ZKP3 is the third of a xeroxed a-periodical we non-professionally
published on cyberconceptual conferences based on the output of the
nettime carawane, a curly path through the contemporary so called
critical so called international cyberdiscourse. We hope that out of
this temporary publishing practise ideas will come how to continue the
project, do reprints, migrate into infranets, become content, grow to a
newsgroup, make new friends or intensify old friendships.

We are still looking for a publisher who might be interested in a
compilation of nettime stuff in English, but we have been unsucessfull
so far. We still intend to put out something, which can be distributed
in a proper way.
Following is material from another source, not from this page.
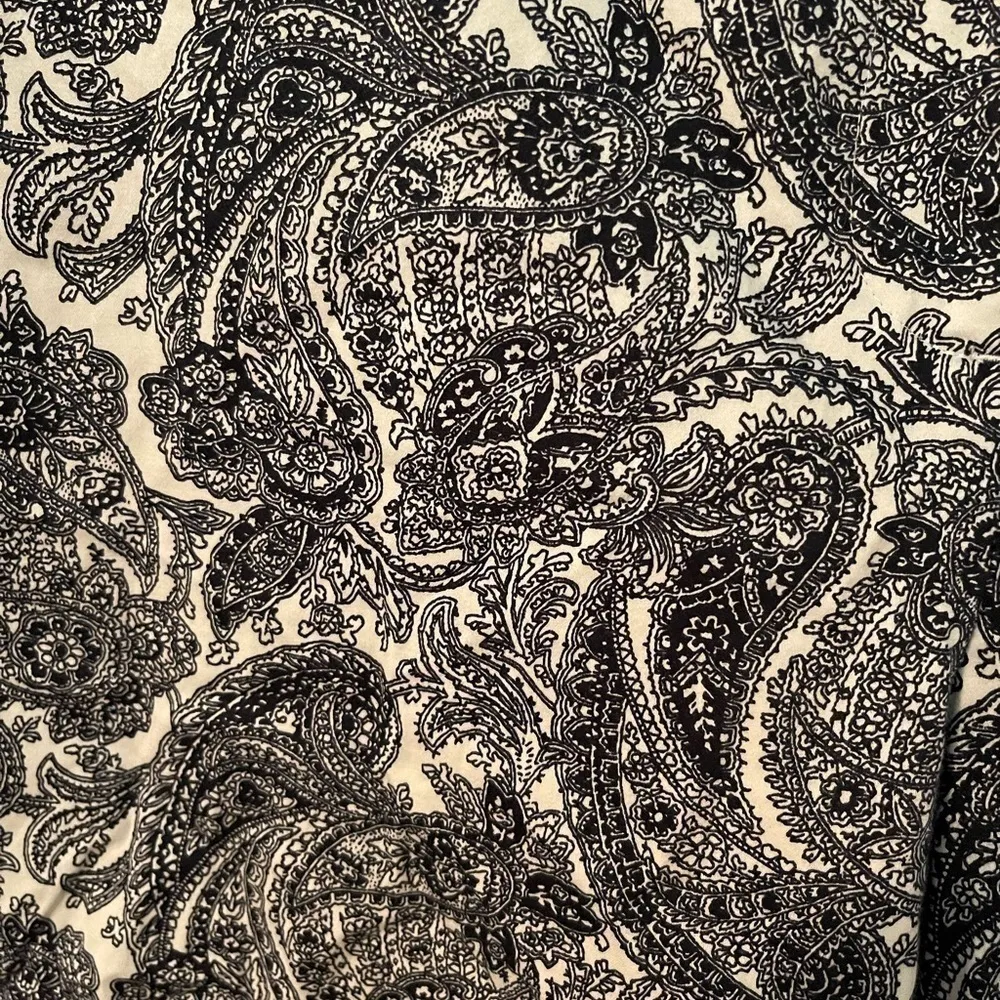 Talbots W Heritage paisley ankle stretch pants - Image 2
So far, nettime/ZKP readers were copied on-the-spot
during festivals in Amsterdam, Madrid, Linz and Rotterdam. A small
nettime book will come out in German by the end of this year, published
by ID-Archiv (Amsterdam/Berlin) and there are plans for a Slovenian and
Japanese compilation. The magazine ARKzin in Zagreb regularly
translates material into Crotian. And not to forget the local web
outlets in Italy, Austria, New York, Berlin, Amsterdam... We also think
of starting a usenet group called alt.nettime. The ammount of
subscribers of the mailinglist is growing steady (3 or 4 new members a
week) and we would like to keep it this way. Activities on the list are
going in waves, according to the mood and we would like to encourage
everybody to come up with their own stories and experiences. nettime
also carries personal accounts, not only rational critiques... All
these topics will be discused during a seperate nettime gathering in
Budapest on monday october 14.

Budapest is a city of old hopes and new frustrations, it may be
postmodern for hundreds of years, multicultural by default, most of all
it cultivates a diversity of creative disfuntionalities which
sentimentally resist the principles of effectivity and profit of today.
Most of all it's a place to meet with people from the east on a
territory which is part of 'their own' history. It might be also a city
to build up models for east-west content generators and 'round-robin'
city echange networks, or at least to make plans for the evening.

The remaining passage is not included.